Tuesday, September 02, 2008

A sense of place

Slow Food came to town this weekend, and I stopped by Friday night to see the fish booth in the "Taste Pavilion". The big hall down at Fort Mason was filled with exquisitely designed little houses and displays: chocolate beans hid inside a cabin made of old pallets, jams and jellies were arrayed beneath thousands of jar lids hung from the ceiling in waves. I dropped off materials for the Crab Boat booth and watched Tom Worthington arrange whole fish in a bed of ice. Monterey Fish Market was one of the earliest local suppliers to take an interest in sustainability, picking certain fish and fishing gears over others and selling them to restaurants like Hayes Street Grill and Chez Panisse.

Fish are impressive animals, shiny and brightly colored, with large eyes. Coffee, chocolate, olive oil, salami -- we may not see the process that transforms the raw original into the edible, but we can easily imagine an olive or a pig, we can see photos of cocoa pods. Few people see fish whole anymore and filets give no sense of the original fish. Discovering the diversity of fish takes a simple label -- fish -- and explodes its meaning into a technicolor world of life.

I stood to the side with a motley crew of volunteers, fishermen, and other ocean sorts. We could all name the easy fish, even though few of them were local. California halibut, albacore tuna, Alaskan coho and chinook salmon still silver from the ocean, sablefish from Washington, striped bass, ling cod, and a group of deeperwater Pacific rockfish that could be sharpchinned or squarespot. One of the local salts had never seen a monkfish whole before, since it's a denizen of the Atlantic, and the true cod (Gadus morhua) stumped a few folks before we pulled its distinctive barbels out of the ice. We all work on fish, but naming the bounty of the sea was tricky, even for us. I have no doubt Tom could have rattled them off, since he signed the sales bill, but that's just one link in the chain from sea to plate.

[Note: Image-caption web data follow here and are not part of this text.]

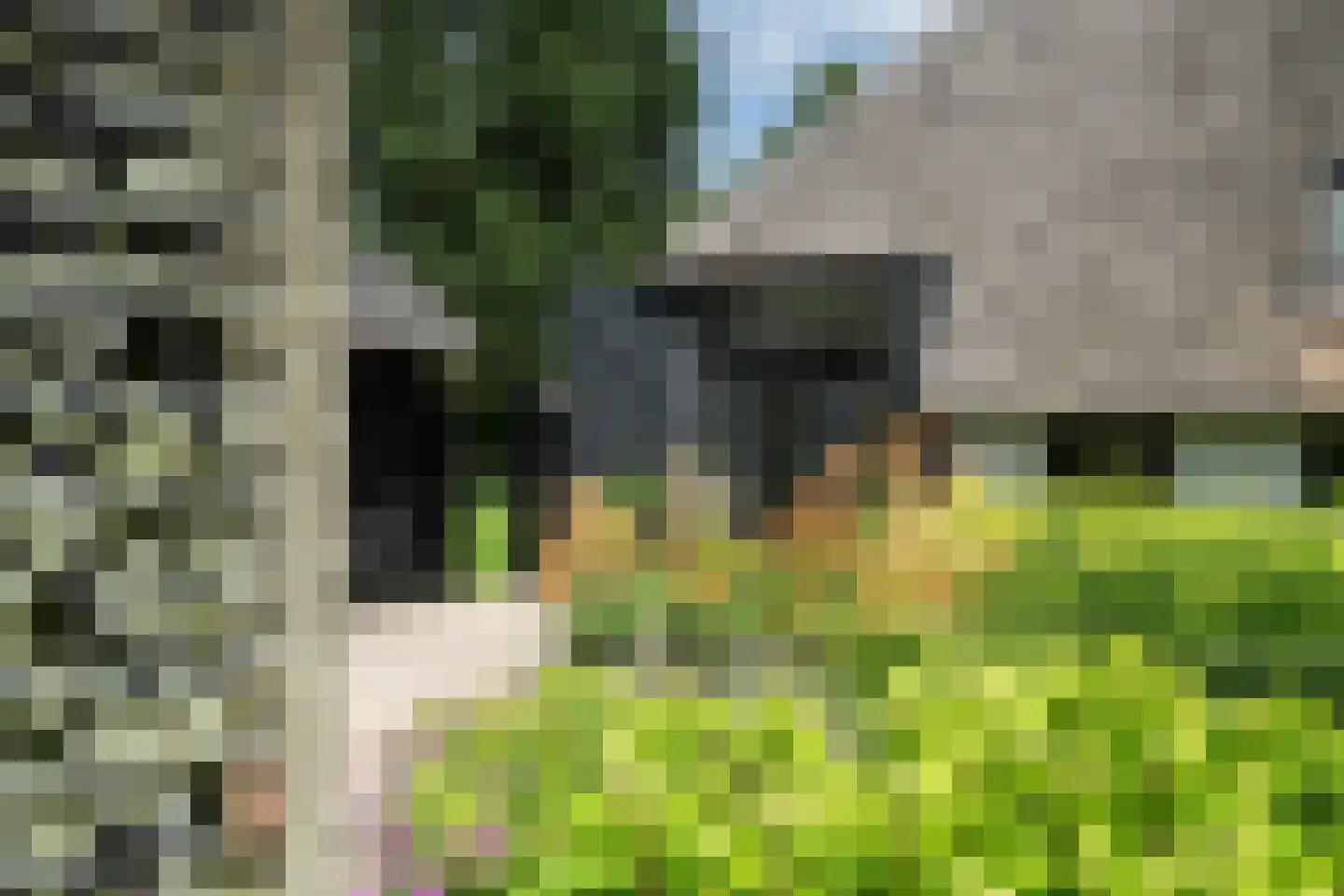 Stateheide 34 Noardburgum thumbnail 56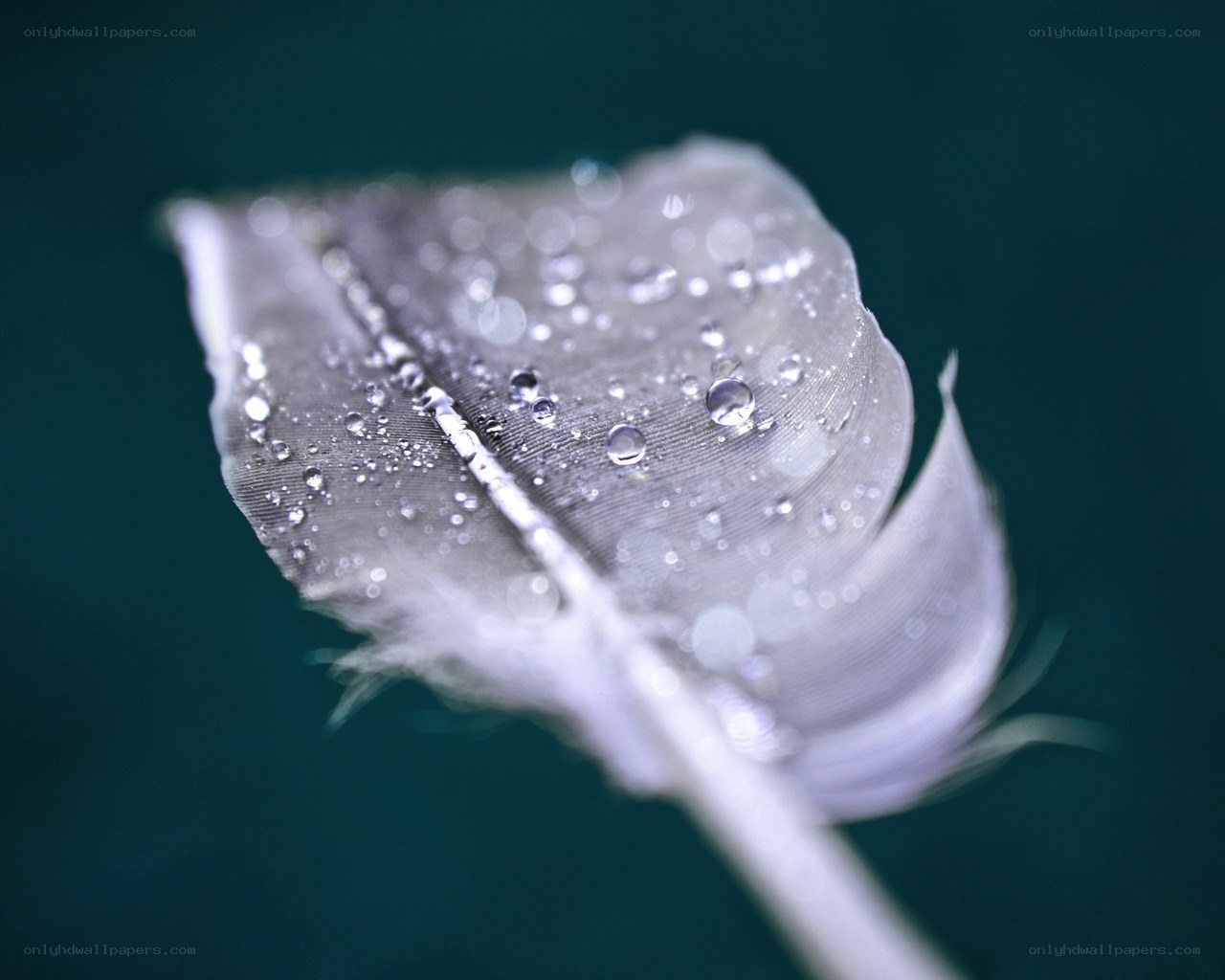 feather with water droplets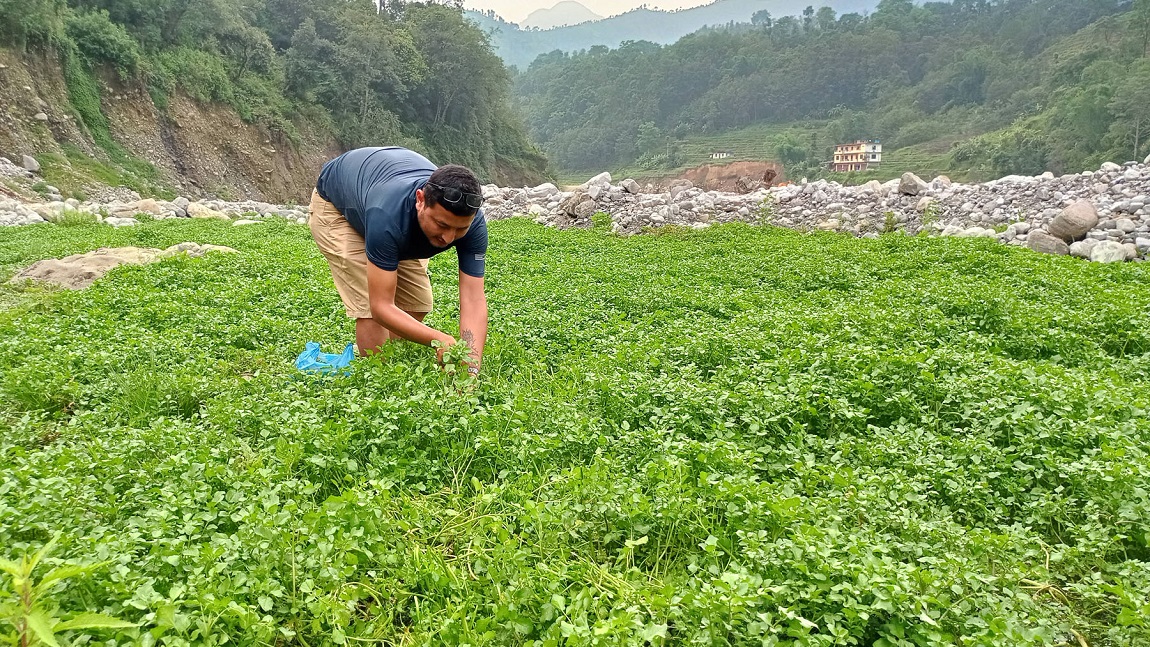 आजका तस्बिर- जेठ ३०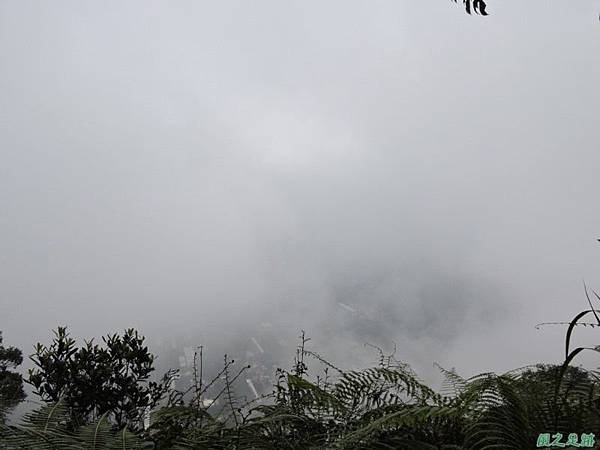 過坑山20140809(12)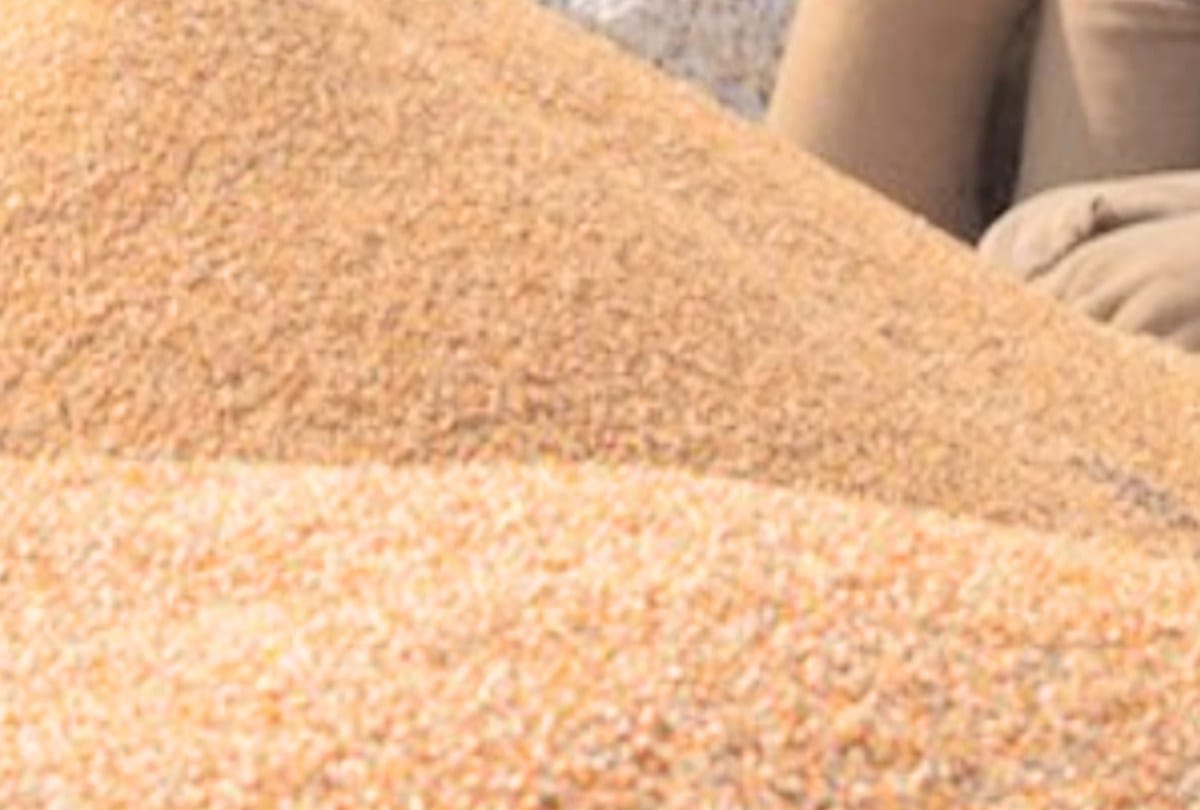 Farmers will be able to sell wheat in mandis till June 10, the department extended the date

Later that weekend, my friend Amy and I talked about 'terroir' and pondered a similar word for fish. After all, salmon from different rivers can taste distinctively different. Aquoir? Meroir? I wonder if we weren't ahead of ourselves, if we have to start with naming the fish before we market the place. Then again, knowing the names of fish may only be fun sport for us fish geeks, while places can captivate anyone. How many wine drinkers make it to Bordeaux, or even Napa? Perhaps we have to move away from splitting and wallet cards to certifying places and portfolios of fisheries. Perhaps that's the next tool for sustainable fisheries, not identification but location.

Margot Neebe took this nice photo of the rockfish peering out of the fish display

2 comments:

Anthony Creswell said...

Yes, I like that concept of "Terroir" or whatever the marine equivalent would be for fish.
Aquoir? Meroir? How about Marroir!

PeterB said...

Location, location, location. You know I'm biased Kate...

I love this concept. A Meroir is perfect for explaining the unique habitat characteristics that make seafood yummy.